Die typischen Anforderungen an Strategie- und Transaktionsberatungen
Strategie- und Transaktionsberatungen laufen in der Regel in zwei Hauptphasen ab. Die Kernanforderung der ersten Phase (Konzeptphase) besteht zumeist darin, Handlungsempfehlungen und Lösungskonzepte für ein Unternehmen oder einen Geschäftsbereich auf ein übergeordnetes Ziel hin zu entwickeln. Hierbei geht es um das Erreichen mittel- und langfristiger finanzieller, operativer und strategischer Ziele – sei es durch organische oder anorganische Veränderungen. In der nächsten Phase (Planungsphase) folgt in der Regel die Planung von übergeordneten Meilensteinen und Abhängigkeiten sowie die Detailplanung funktionaler Aktivitäten durch gemischte Projektteams von Mitarbeiter*innen des Mandanten und des Beratungsunternehmens. Diese setzen die Empfehlungen aus Phase Eins in ein Lösungskonzept um und leiten nachfolgend die Implementierung ein.
Phase 1: Wirtschaftsprüfer*innen sorgen für Effizienz und valide Daten
Der erste Arbeitsauftrag in der Konzeptphase ist es zumeist, die aktuelle Situation transparent und strukturiert darzustellen. Gesprochen wird in diesem Zusammenhang oft von einem „As-is-Blueprint“: Einer Darstellung des Ist-Zustands des Unternehmens oder eines Teilbereichs, die dann als Ausgangspunkt für die Planung von Veränderungen oder Verbesserungen dient.

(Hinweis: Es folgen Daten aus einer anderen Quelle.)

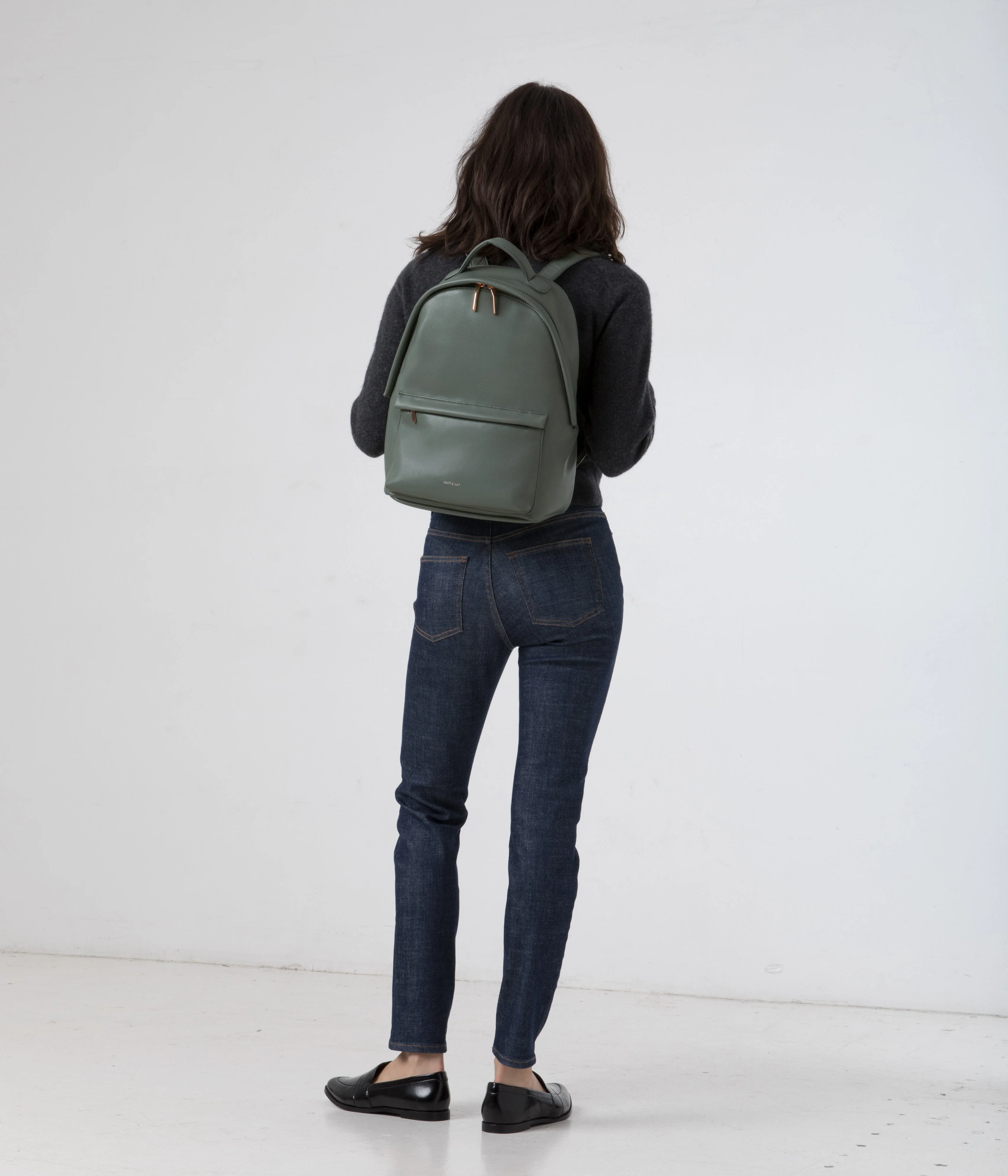 MUNICH Vegan Backpack - Loom - Image 10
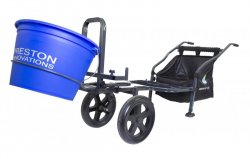 Preston Shuttle Bait Bucket Hoop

Wichtige Referenzpunkte ergeben sich in diesem Zusammenhang durch Kosten- und Mitarbeiterstrukturen, sogenannte „Baselines“, sowie durch Wertschöpfungsanalysen, die sich auf die Erhebung von Detailinformationen in Workshops und Experteninterviews stützen. Das Verfahren erinnert an eine Due-Diligence-Prüfung, bei der Berater*innen Vermögenswerte, operative Prozesse, technische Infrastruktur, Mitarbeiterstruktur und Kundenbeziehungen im Vorfeld von Fusionen oder Übernahmen kontrollieren. Hier wie dort besteht das Hauptziel der Analyse darin, potenzielle Risiken, Chancen, Stärken und Schwächen des Unternehmens zu identifizieren, um auf dieser Basis fundierte Entscheidungen treffen zu können.

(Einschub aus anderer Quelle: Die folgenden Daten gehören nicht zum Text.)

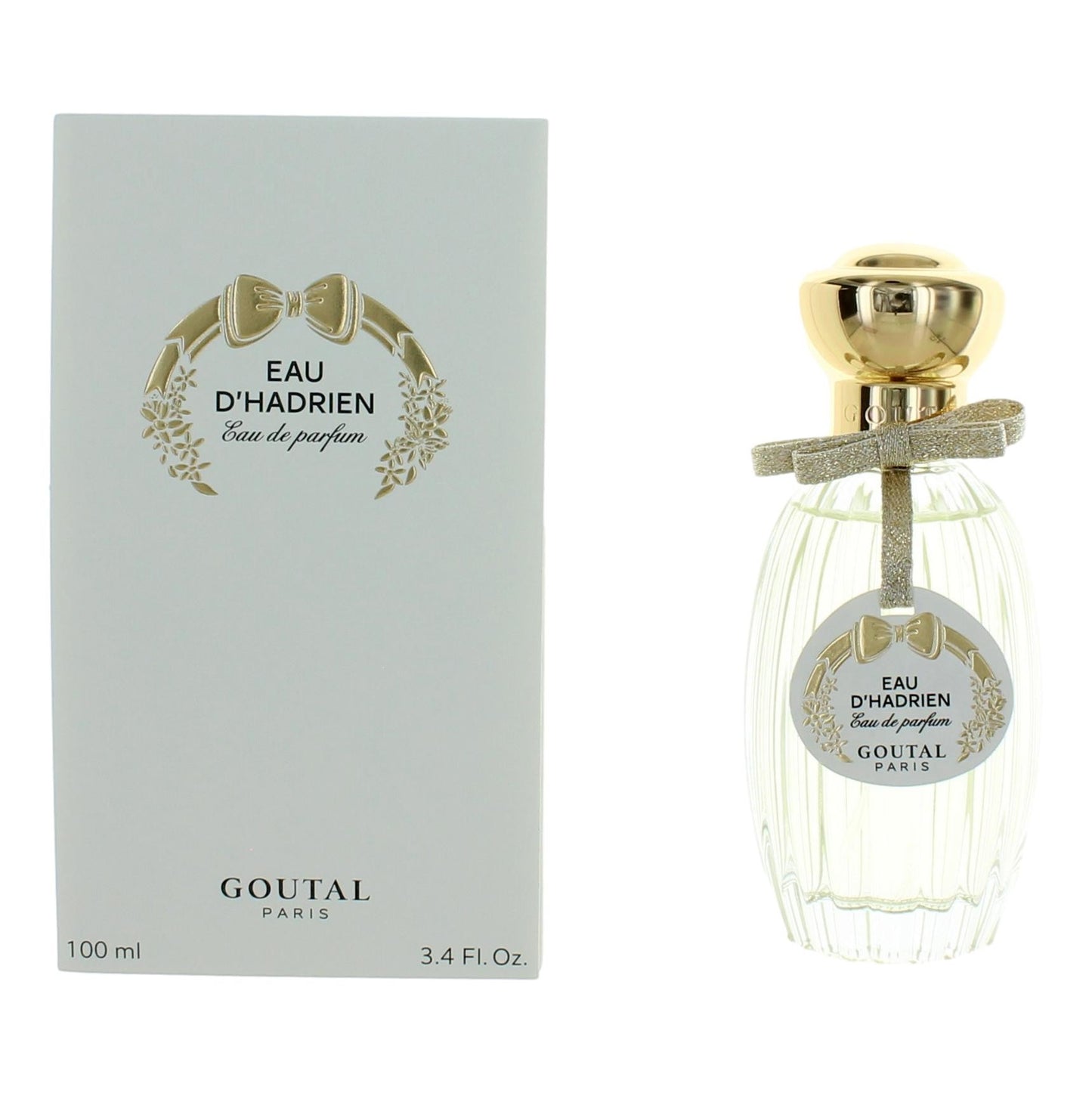 Eau D'Hadrien by Annick Goutal, 3.4 oz Eau De Parfum Spray for Women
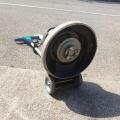 D78 HIRE 17" FLOOR SANDER WIRBELL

Schon bei der Erstellung der Ist-Analyse zeigt sich der Vorteil, der für ein Unternehmen darin liegt, Beratungsaufträge an die WPG zu vergeben, die im eigenen Haus auch bereits den*die Abschlussprüfer*in stellt. Denn durch das vorangegangene Audit wissen die Teams der WPG natürlich genau, welche Finanzdaten für welche Bereiche vorliegen und wo diese zu finden sind. Die so erzielten Effizienzgewinne stellen wesentliche Faktoren für den Projekterfolg dar – insbesondere, wenn es um Reorganisationen, Kostensenkungen und Transaktionen wie etwa Desinvestitionen und Akquisitionen geht.
Ein weiterer Pluspunkt für die WPG-Berater*innen ist die hohe Daten- und Informationsqualität, welche die Unternehmen in der Zusammenarbeit mit ihnen erzielen können – nicht zuletzt auch durch ihre Konsistenz mit den Bilanzdaten: Vorstände und Führungskräfte treffen ihre Entscheidungen so insbesondere während der Konzeptphase auf einer deutlich valideren Basis.
Phase 2: Wirtschaftsprüfer*innen erkennen Projektrisiken oft als Erste
Für den Erfolg des Projekts in der Planungsphase ist es wichtig, dass die Verantwortlichen die Projektrisiken und -abhängigkeiten möglichst frühzeitig identifizieren. Um den Risiken wirksam vorzubeugen, sollten sie im Anschluss Deeskalationsmechanismen definieren und Umgehungslösungen erarbeiten. Der Einsatz von Wirtschaftsprüfer*innen kann auch hier sinnvoll sein. So erkennen diese durch ihren geschulten Blick für die Details oft als Erste, wo finanzielle Abhängigkeiten und Risiken das Projekt gefährden könnten – auch hier insbesondere bei der Vorbereitung von Desinvestitionen und Zukäufen.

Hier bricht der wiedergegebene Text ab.